Reproducible data management with Maven

A picture says less than 100 words

Use case: pharmacological reference data

Open PHACTS combines pharmacological data in a single Linked Data cache, and provide RESTful APIs to query and examine the data in a uniform interface. Data is loaded from several data providers like EBI and Uniprot - some of it is loaded directly as RDF, other datasets are translated to RDF from more specific data formats. A series of VoID linksets are also loaded to provide identity equivalence across the different RDF graphs. These linksets are derived from existing references in the earlier loaded data sources, but can also be found computationally (e.g. by comparing chemical structures or protein sequences).

Building Open PHACTS showed a challenge in how to keep all these data sources up to date, particularly when changing our architecture to allow for a Docker-based installation of the Open PHACTS platform and data at customer sites.

Open PHACTS platform is a service oriented architecture with components like a mySQL database, Virtuoso RDF store, memcache and PHP, Tomcat and ElasticSearch. We found Docker to be a great tool for managing and deploying these components in isolation, and combined with Docker Compose, provide an easy way to link them together to form a uniform and installable platform.

The mechanism of Dockerfile provides a reproducible way to build docker images, which can be created automatically by the Docker hub, typically based on a GitHub repository. Changes pushed to the GitHub repository causes a new Docker image to be built. Instructions in the Dockerfile consists of commands like ADD and RUN.

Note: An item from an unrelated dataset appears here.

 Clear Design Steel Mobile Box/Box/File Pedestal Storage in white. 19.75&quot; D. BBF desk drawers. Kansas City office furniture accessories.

The challenge in setting up the Open PHACTS platform is the data loading. Docker images are stored as a series of differential file system layers, which can be pushed and pull from registries like the Docker Hub and third-party installations of the Docker Registry. This mechanism works well for typical Docker applications, where each layer can have a size in the magnitude of 100 MB, and the full Docker image a size of the magnitude 1 GB. We found that using this mechanism breaks down when used with the Open PHACTS data, which can be in the magnitude of 100 GB as uncompressed RDF.

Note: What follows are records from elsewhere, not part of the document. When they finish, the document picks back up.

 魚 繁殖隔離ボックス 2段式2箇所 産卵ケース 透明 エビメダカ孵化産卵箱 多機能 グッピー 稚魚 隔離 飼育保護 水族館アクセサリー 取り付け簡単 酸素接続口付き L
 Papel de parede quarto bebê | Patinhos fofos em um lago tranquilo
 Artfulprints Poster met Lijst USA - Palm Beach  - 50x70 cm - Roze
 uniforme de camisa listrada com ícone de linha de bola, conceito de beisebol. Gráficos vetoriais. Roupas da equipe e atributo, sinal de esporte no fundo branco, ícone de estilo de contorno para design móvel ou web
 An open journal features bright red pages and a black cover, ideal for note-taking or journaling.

Use case: Galaxy and NCBI Blast data

My open Gigascience review and re-review of Peter Cock's GigaScience article "NCBI BLAST+ integrated into Galaxy": (Cock 2015)

Open science - with Immediate response and impact:


  • Docker easy to install Galaxy and BLAST plugin - easy to review paper
  • But not the NCBI Blast reference data (10-100 GB)
  • Could not verify the workflows - not reproducible science
  • Proposed: BLAST Data manager plugin for Galaxy
  • NCBI Blast data changes nightly - which version did you use? No metadata - self-provenance. How to keep it up to date?
  • Suggestion:
    1. Data Docker to be used as an add-on with existing Galaxy plugin.
    2. Automated job for making new, VERSIONED NCBI artifacts.
    3. Inject provenance.
    4. Self-archival and identification of the reference data that was actually used, not just "Come try my Galaxy server, I promise I didn't update anything!"

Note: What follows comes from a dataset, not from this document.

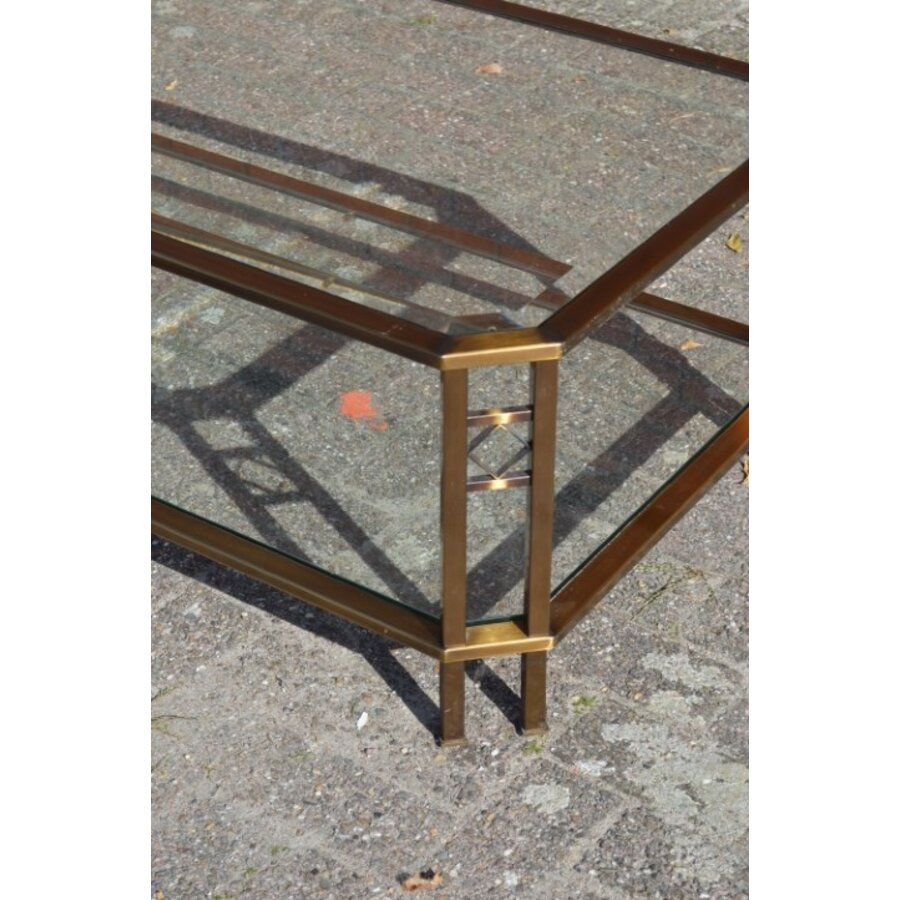 Langwerpige salontafel in de stijl van Peter Ghyczy – geborsteld messing met facetglas-2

Reproducibility in software development

Apache Maven

Apache Maven is a build and dependency management system that is widely popular for the Java platform. While newer build systems like Apache Ivy and Gradle have evolved to counter Maven's apparent verbosity and lack of flexibility, they still derive their dependency resolution and metadata aspects from Maven.

A software project that is built using Maven defines its compile settings and metadata in a pom.xml file. Maven has an extensive list of official and third-party plugins to cater for customized build requirement, but also strongly encourage a fixed directory structure (e.g. main source code in src/main/java and test resources in src/test/resources) and convention over configuration (Lazar 2009). The metadata can contain information about authors, contact details and source code repositories, which will be bundled with the produced binaries for provenance purposes, but can also be used by the Maven Site plugin to generate a website for the project.

Building the Maven project produces one or more Maven artifacts (e.g. a JAR file), identified with a group identifier (e.g. com.example.project1), an artifact identifier (project1-api), version (1.4.0-SNAPSHOT) and type (jar). Dependencies are specified using the same attributes, and the corresponding precompiled binaries are automatically retrieved from Maven repositories, including transitive dependencies found in the dependency's deployed pom file and any plugins required for building.

Maven repositories are HTTP-based directory structures, and include the Maven Central and Bintray JCenter which hosts a majority of open source JVM libraries, but can be hosted by any standard file-based HTTP server like Apache HTTPd and nginx. Organizations relying on Maven may be hosting in-house artifacts in private repository installations of JFrog Artifactory and Sonatype Nexus, which adds enterprise features such as rich access control, release mechanisms and transparent mirroring of artifacts from external Maven repositories.

Build systems like Maven lower the barrier of entry for developing and deploying Java-based open source software (citation needed), as its conventions provide a well-known structure for the source code and its build routine, but also because of its automatic management of dependencies and plugins, which ideally means that the only requirement for reproducibly building any Maven-based product would be Java and Maven itself.